As the global economy becomes more aligned, it is common for businesses and individuals today to have income and tax compliance issues in more than one country. With the complexity of varying tax regimes and the difficulty in monitoring offshore tax compliance, governments and taxing authorities around the world are looking for ways to collaborate and ensure taxpayers are paying their fair share, wherever they may be. 

Collaborative efforts among many countries have led to the formation of various Tax Information Exchange Agreements (TIEAs). A TIEA is a model information exchange agreement designed by the Organisation for Economic Cooperation and Development (OECD). According to the OECD, “The purpose of this Agreement is to promote international co-operation in tax matters through exchange of information.” The United States has TIEAs with countries throughout the world, and it has also instituted its own information-sharing program via Intergovernmental Agreements (IGAs) under the Foreign Account Tax Compliance Act (FATCA).
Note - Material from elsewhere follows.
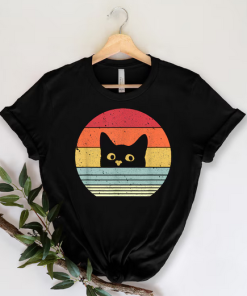 Retro Black Cat Lover T-shirt HR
The OECD has also worked with G20 countries to develop a global form of FATCA, formally known as the Common Reporting Standard (CRS). The CRS is expected to become the global standard for automatic exchange of information. While FATCA-implemented IGAs are tailored to address U.S. tax issues with another specific country, CRS is implemented under Competent Authority Agreements (CAA) and can be structured to include two or more countries. CAAs are expected to better represent the tax compliance needs of all countries involved, rather than just those of the United States, as IGAs are often perceived to do. According to the OECD, as of June 2017, over 90 taxing jurisdictions have signed CAAs to participate in the automatic exchange of information. The information exchange for many of the participating countries is scheduled to begin in September 2017.

Although these agreements are primarily notorious for exchanging information regarding undisclosed foreign brokerage and bank accounts, a recent U.S. Tax Court case reduced a taxpayer’s foreign tax credits claimed after the IRS discovered that substantially all of the foreign taxes originally paid were refunded.
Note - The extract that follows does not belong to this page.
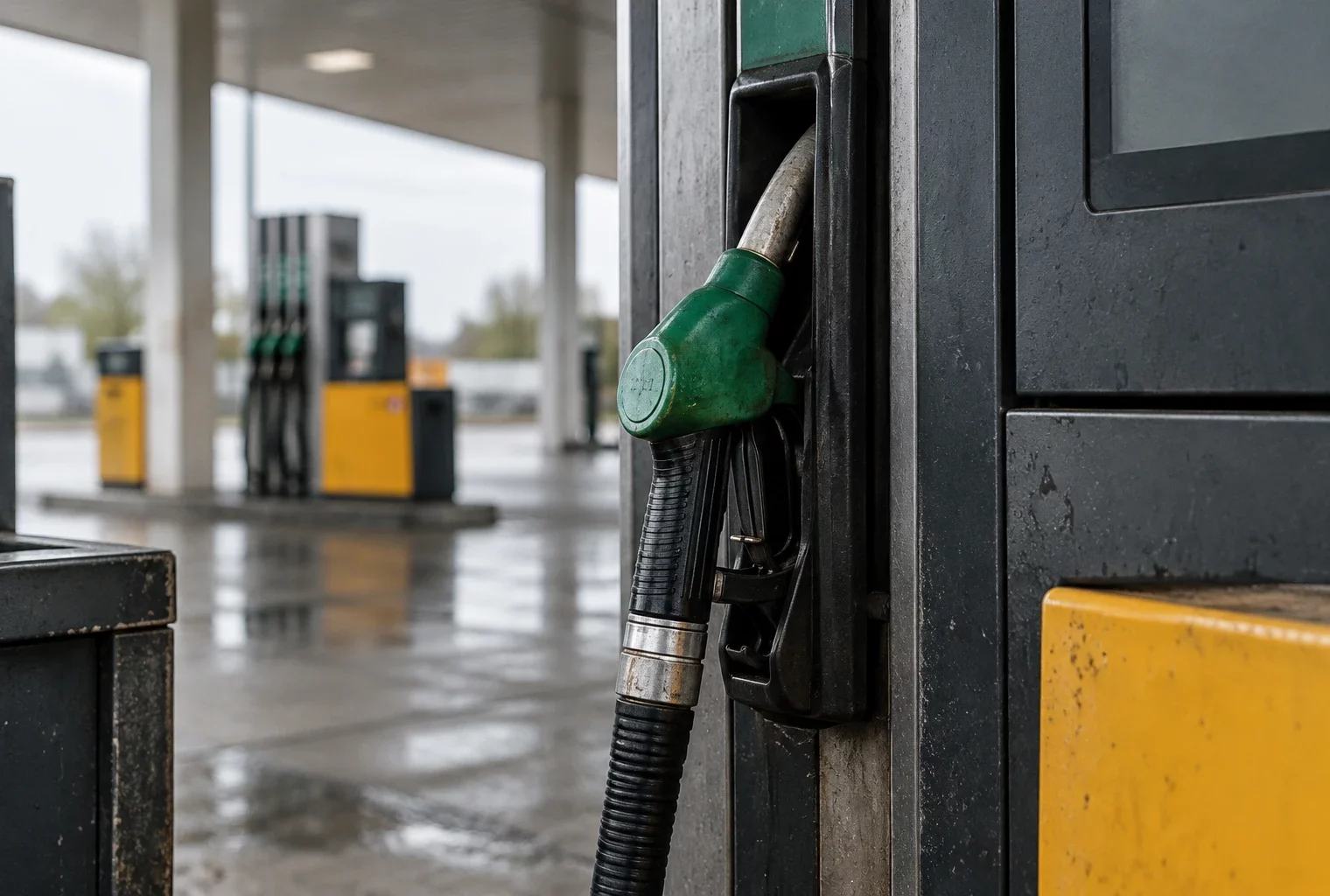 Pistolet de carburant replacé sur une pompe, avec d’autres pompes et l’auvent d’une station-service en arrière-plan.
In Sotiropoulos v. Commissioner, the taxpayer, a U.S. citizen who resided and worked in London from 2002 to 2006, had U.K. compensation and taxes withheld that were reported on a U.K. tax return. As a U.S. citizen, the taxpayer was also required to file U.S. tax returns for the corresponding years, which reported her U.K. compensation and claimed foreign tax credits for the taxes withheld/paid to Her Majesty’s Revenue and Customs (HMRC), the U.K. taxing authority.

The taxpayer subsequently filed amended U.K. returns for the relevant years to report losses attributable to U.K. film investments she made. The results of these losses produced significant overpayments of U.K. taxes, which the taxpayer elected to have refunded. The taxpayer however, did not notify the Secretary regarding the U.K. tax refunds as required by IRC section 905(c)(1)(C), because it was uncertain if the claimed losses would be sustained upon examination by HMRC.

Although the taxpayer had failed to disclose the U.K. refunds, the IRS was notified of the taxpayer’s U.K. refunds received under the terms of the U.S./U.K. information exchange agreement. The IRS consequently reduced the taxpayer’s foreign tax credits claimed and issued the taxpayer a notice of deficiency for the years in question. The Tax Court concluded that the term “refund” does not connote finality or the final determination of a tax liability for U.S. federal income tax. Even though the taxpayer might have to repay the amounts originally refunded, it does not mean the taxpayer did not receive a refund reportable under IRC section 905(c)(1)(C).

Tax preparers dealing with international tax compliance issues should take notice of the Sotiropoulos opinion. With information exchange agreements becoming more prevalent among governments and taxing authorities, taxpayers must be aware that events that often went unnoticed may now reveal themselves. As the enforcement of international tax compliance increases worldwide, preparers and taxpayers alike should be advised to consider the potential tax implications resulting from the open exchange of information.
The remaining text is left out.